The Anatomy of Rent Extraction#
The F-35’s political economy is a classic case of asymmetric risk socialization. The U.S. government, as noted by economist Marianna Mazzucato, acted as the entrepreneurial “investor of first resort,” funding the high-risk R&D. The private contractors, however, capture the lion’s share of the downstream profits while being shielded from the consequences of performance failures through cost-plus contracts and the program’s political untouchability. This creates a powerful incentive for gold-plating—adding complex, expensive features that boost margins but offer diminishing military returns.
The structure ensures budget maximization. As public choice theorist William Niskanen outlined, bureaucracies and their private-sector allies seek to maximize their budget, scope, and organizational survival. The distributed manufacturing of the F-35 across hundreds of congressional districts makes it a potent tool for political coalition-building. Cutting the program would mean job losses in dozens of states, a risk no elected official will willingly take. This political lock-in transforms the aircraft from a military asset into a permanent fiscal commitment, regardless of its strategic relevance. The taxpayer bears the cost of this inertia, funding sustainment budgets that will eclipse acquisition costs, trapping future generations in a cycle of escalating expense for capabilities they may not need.
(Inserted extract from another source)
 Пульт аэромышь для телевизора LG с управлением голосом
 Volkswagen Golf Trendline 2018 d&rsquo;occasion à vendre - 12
Welfare, Distributed and Concentrated#
A stakeholder analysis reveals starkly different welfare outcomes. For the Swedish taxpayer, the Gripen program represents a high-transparency, cost-controlled investment in sovereign infrastructure. Jobs are created within Sweden, technological spillovers benefit the civilian aerospace sector, and the export revenue from sales to countries like Brazil and Hungary provides a partial fiscal return. The security benefit is clear and matched to doctrine: credible territorial deterrence.
For the partner-state F-35 taxpayer, the picture is inverted. They finance the premium price and lifetime sustainment costs, which can consume a disproportionate share of a modest defense budget, crowding out investments in cyber defense, artillery, or naval forces. The industrial spillovers are minimal unless they are a tier-one manufacturing partner like Italy; for most, work is limited to minor components or maintenance. The autonomy cost (A) is a permanent, if intangible, deduction from their national welfare. The primary beneficiaries are the U.S. defense contractors’ shareholders and executives, and U.S. geopolitical planners who gain deeper leverage over allied defense policies.
The Systems in Mirror#
These two programs ultimately reflect the political economies that birthed them. The Gripen is the product of a coordinated market economy with a strong social-democratic tradition. The state acts as a steward, defense is viewed as a public good, and industrial policy is explicitly linked to national resilience. The system is designed to minimize rent extraction and align production with public need.
The F-35 is the apex product of financialized U.S. capitalism applied to defense. The state acts as a risk-absorbing guarantor of demand, private firms maximize shareholder value, and defense spending becomes a primary channel for fiscal stimulus and corporate welfare, justified by grand strategic narratives. It is a rational outcome for the actors within that system, but it produces a weapon that is, in the words of defense economist Keith Hartley, “optimized for political survivability, not economic efficiency.”
The lesson extends far beyond fighter jets. It is a case study in how nations build complex systems under different logics of value. In an age of rising debt and renewed great power competition, the Gripen’s philosophy of constrained optimization and sovereign resilience may offer a more sustainable template. It proves that formidable defense does not require trillion-dollar commitments. It requires clarity of purpose, discipline in execution, and a political economy that ensures the primary beneficiary of national defense is, unequivocally, the nation itself.